Setting Goals


I love the intentionality that comes with clarifying expectations and desires. I appreciate the opportunity to pause, especially after a few weeks into a new year, when I am a somewhat grounded and have some momentum, from which aspirations more naturally arise. Lately I’ve been thinking about goals – what they represent, why they are important, how they serve us, how to make them meaningful.


Goals support us in aligning our energy with important objectives. Goals are intentions, and when captured and shared, begin propelling us in the direction we want to go. They enable us to move with meaning and purpose.  Goals require us to dream, to pause and envision the future. Great goals come from slowing down and reflecting on what’s possible.

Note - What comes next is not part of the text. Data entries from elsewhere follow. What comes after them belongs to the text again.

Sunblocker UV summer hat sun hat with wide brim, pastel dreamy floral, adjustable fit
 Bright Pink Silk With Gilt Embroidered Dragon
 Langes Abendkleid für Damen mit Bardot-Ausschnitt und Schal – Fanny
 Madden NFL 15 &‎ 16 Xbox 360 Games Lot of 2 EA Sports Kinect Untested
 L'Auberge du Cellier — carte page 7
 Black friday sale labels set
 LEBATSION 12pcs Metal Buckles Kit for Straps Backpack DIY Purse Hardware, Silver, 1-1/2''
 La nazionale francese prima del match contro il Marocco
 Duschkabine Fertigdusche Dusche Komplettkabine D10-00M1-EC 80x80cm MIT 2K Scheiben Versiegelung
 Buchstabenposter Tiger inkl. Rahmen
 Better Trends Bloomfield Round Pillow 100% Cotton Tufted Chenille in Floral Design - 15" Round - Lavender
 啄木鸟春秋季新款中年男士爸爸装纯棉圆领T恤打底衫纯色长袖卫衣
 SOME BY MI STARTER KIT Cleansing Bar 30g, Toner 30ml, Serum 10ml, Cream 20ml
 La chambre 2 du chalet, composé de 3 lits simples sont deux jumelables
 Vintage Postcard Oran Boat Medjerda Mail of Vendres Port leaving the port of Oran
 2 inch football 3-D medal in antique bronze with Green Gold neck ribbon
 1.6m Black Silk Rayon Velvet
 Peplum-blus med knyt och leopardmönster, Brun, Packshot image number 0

To create meaningful goals that put us in action, it’s helpful to engage a variety of senses. Of course, we have to use our heads and think. It’s to also valuable to engage our hearts and feel. Like many things in life, there’s a big A.N.D. – it’s about our heads and our hearts, it’s about thinking and feeling.


When setting goals, be they personal or professional, applying a process that engages us fully is optimal. We can use our heads, gathering input, analyzing data, organizing information, writing stuff down. And we can bring our hearts along. Maybe we explore what being in movement contributes – it could be as simple as going for a walk and getting outside where nature can inspire you. Maybe we explore what opening to our feelings creates – perhaps call a friend or talk to your dog or cat, or journal or read an inspiring book to tune into what energizes you and awakens your passions.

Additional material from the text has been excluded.